Harper Lee is also a white author. Although she did bring a lot of recognition to the 1960s Civil Rights movement, her story on African American discrimination lacks an African American perspective. When privileged authors write about another group’s struggles, their stories can lack details because they haven’t personally experienced the discrimination they are writing about. Authors that write about their own struggles can easily draw details from their daily life. Besides that, it can be hurtful for these groups to watch someone else profit off of their own harsh reality—even if it wasn’t their original intention.
But how can we retire what To Kill A Mockingbird gives us? How else can we educate children on the harsh history of our country?

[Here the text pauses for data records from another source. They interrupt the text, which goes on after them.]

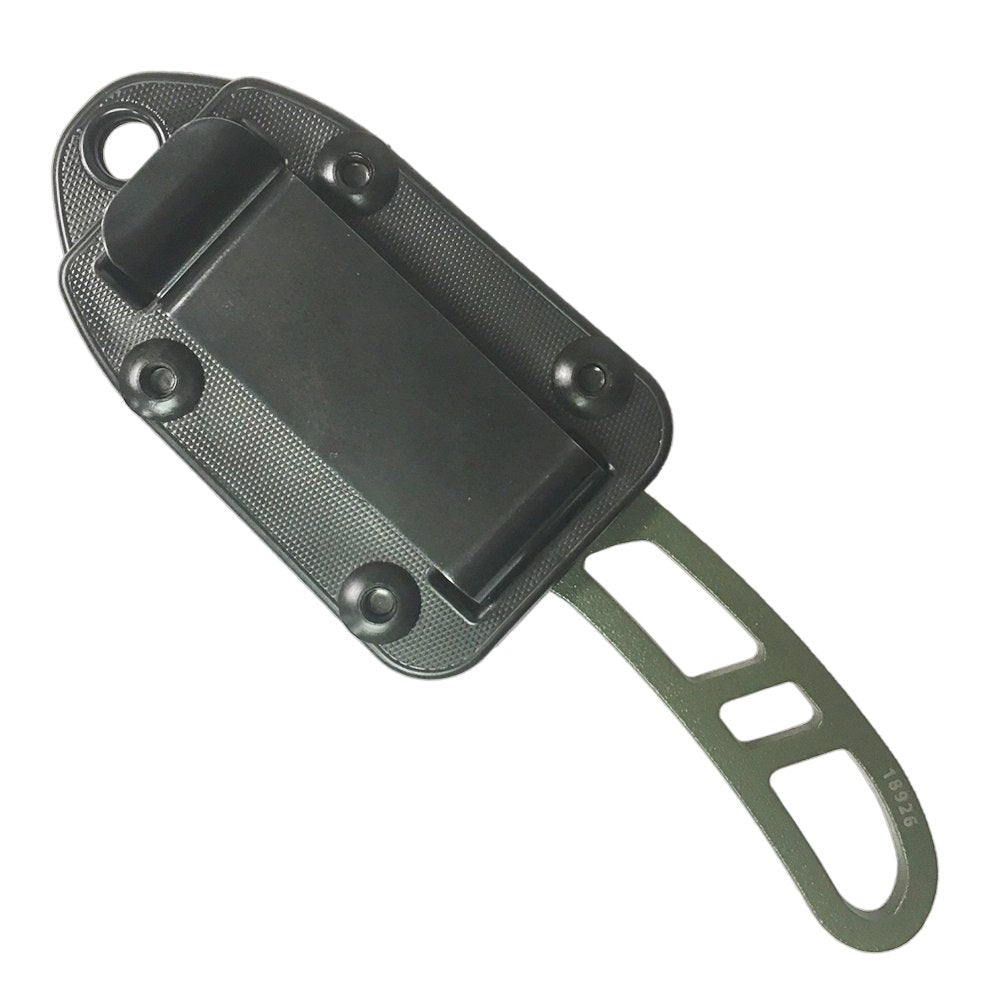 ESEE drop-point blade versatile for field use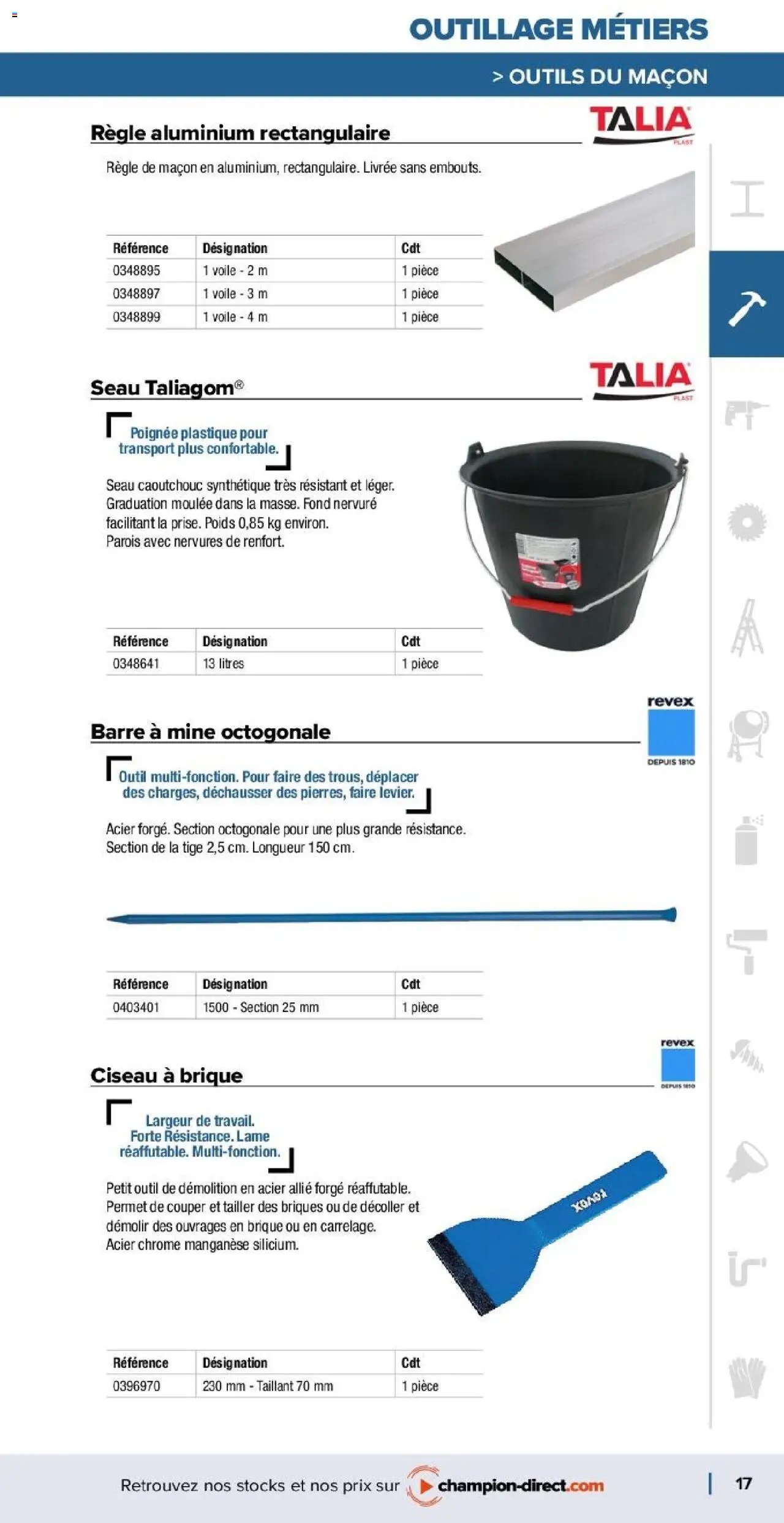 Champion Direct Catalogue Selection Batiment (2025-01-10 - 2025-12-31)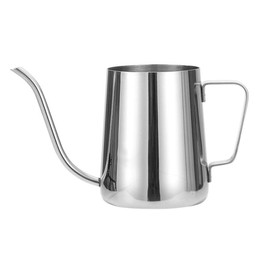 FAROL Coffee Pot, Drip Pot, Stainless Steel, Silver, Fine Mouth Pot, Gooseneck, Commercial Use, 11.8 fl oz (350 ml)
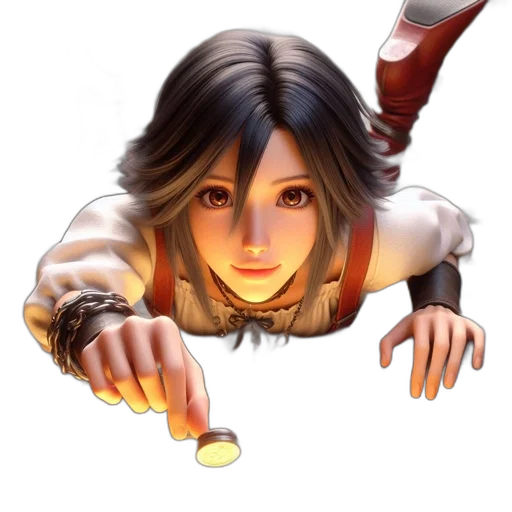 jewelry, face, staff, weapon transparent PNG cut-out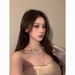 Beauty Pearl Hollow Butterfly Zircon Necklace Tassel Necklace, Light Luxury Niche Design, High-end Clavicle Chain_ipsvogv.com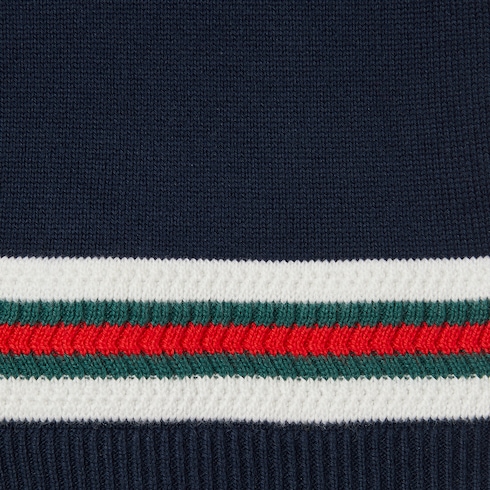 Cardigan pour bébé en coton avec bande Web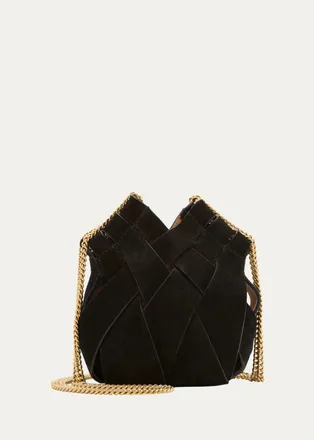 Ulla Johnson Charlotte Mini Woven Crossbody Bag with Chain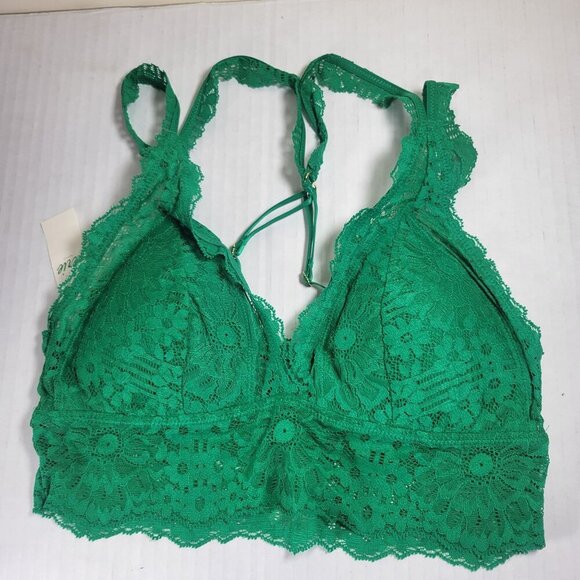 Aerie Lace Bralette & Smoothez Black Sheer Bralette Size S - Picture 3 of 16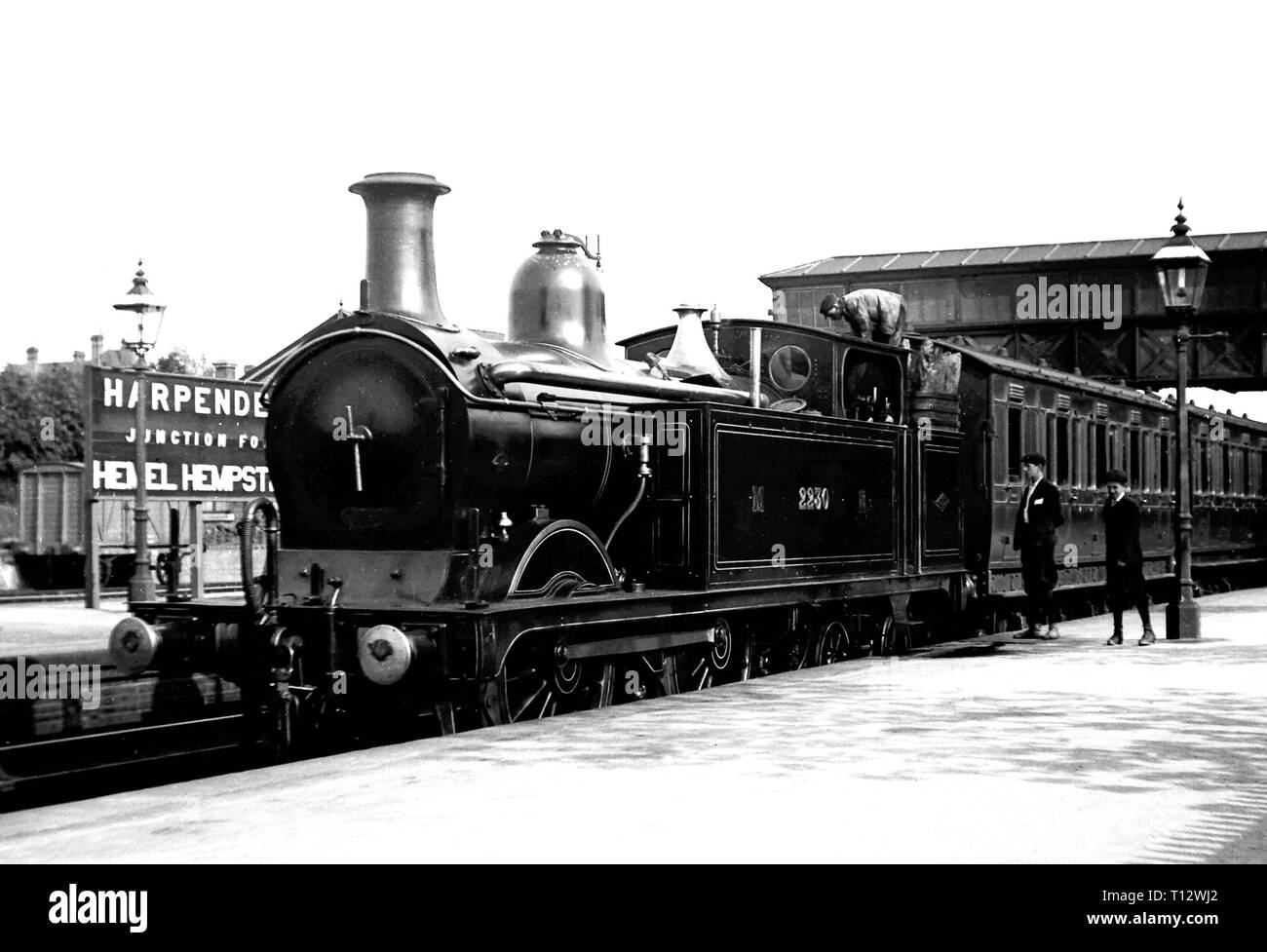 Harpenden Stazione Ferroviaria Linea Nickey Foto Stock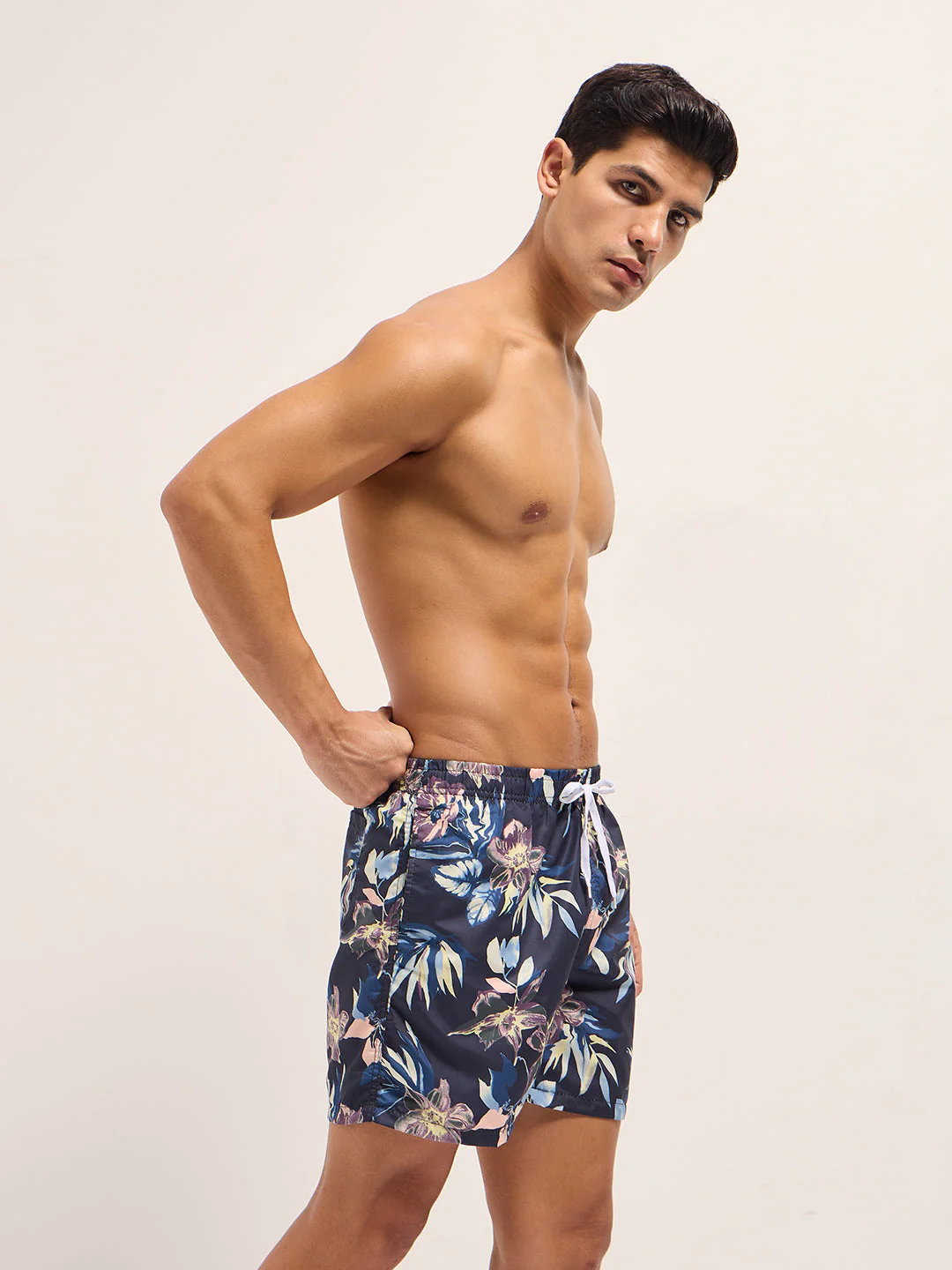 Men Multi-Color Printed Swim Shorts - Image 3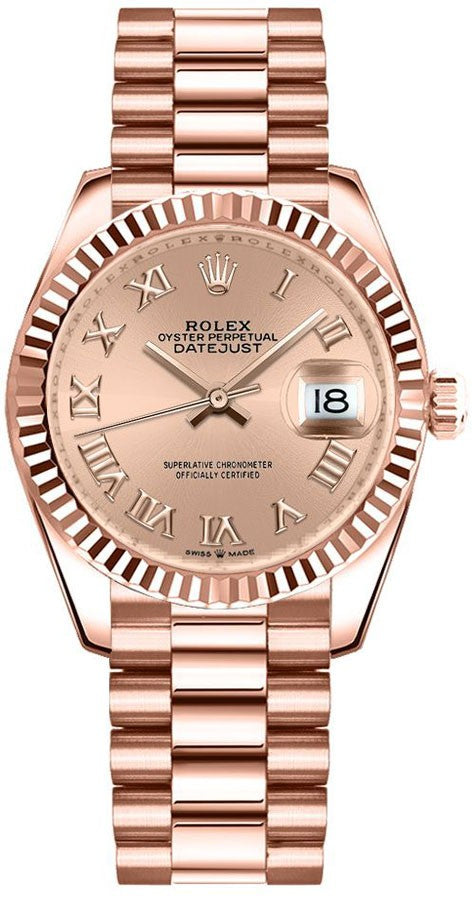 Rolex Datejust 31 Rose Colour Dial Women's Watch 278275-0035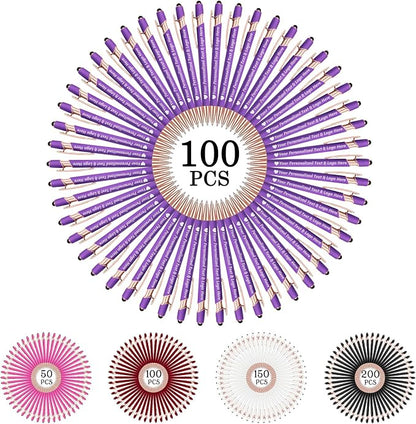 STREADVE 100 Personalized Custom Pens Engraved Writing Pen with Name Logo, Customized Promotional Items Stylus Pen Gifts for Women Realtor Birthday Wedding Business, Purple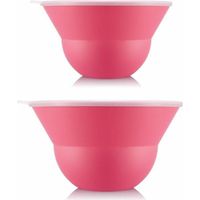 Set mit 2 Salatsschüsseln 3 l und 4,9 l mit Silikondeckel - BODUM - Topee - Bubblegum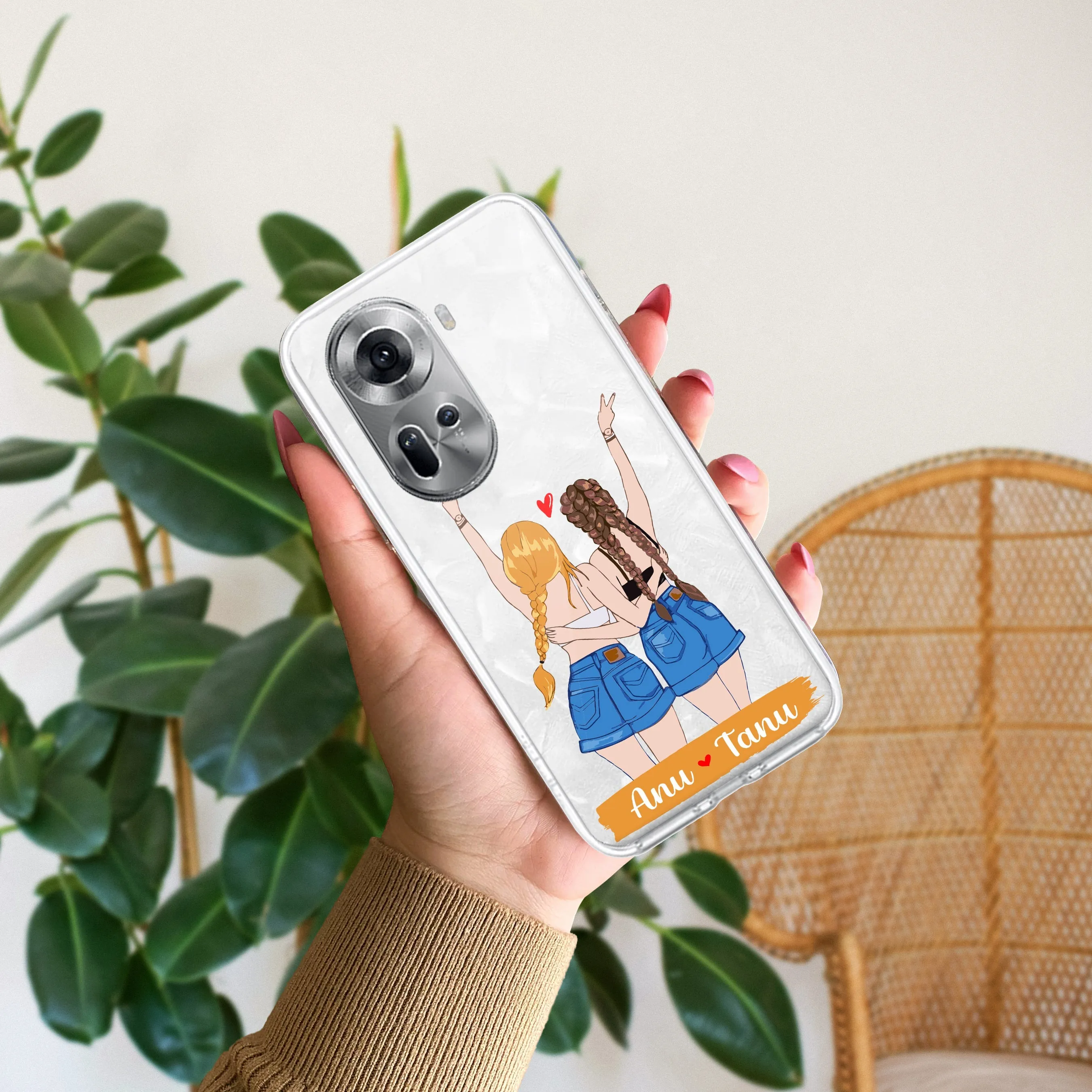 Besties Forever Customize Transparent Silicon Case For Oppo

Well, as it turns out, there are a lot of other books that can replace it. Here are some examples. Here are a lot more. Here’s a page dedicated to recommending educational novels on the Civil Rights movement. Here’s a website that spotlights black authors writing picture, children’s, or YA books. Clearly, the possibilities are not limited to this one particular novel.
And why not make room for literature about the racism that still exists in America today? Angie Thomas’s The Hate U Give is a novel about a black teenager named Starr witnessing a friend’s death due to police brutality. It placed #1 on the Young Adult New York Times Bestseller List just a month after it released and has since stayed there for forty-eight weeks. The response to the novel was so overwhelming that the film adaptation was cast and signed within a year. And just like To Kill A Mockingbird when it was first released, The Hate U Give was banned from a school district in November. Although the novel is still recent and it may be too early to make this claim, The Hate U Give promises to be a literary classic.
To Kill A Mockingbird should not be removed from required reading lists to protect children from their country’s racist history. It should be removed due to its outdated use of white saviors and its lack of perspective of African American history from an African American author and protagonist. And there are multiple viable options that can replace it.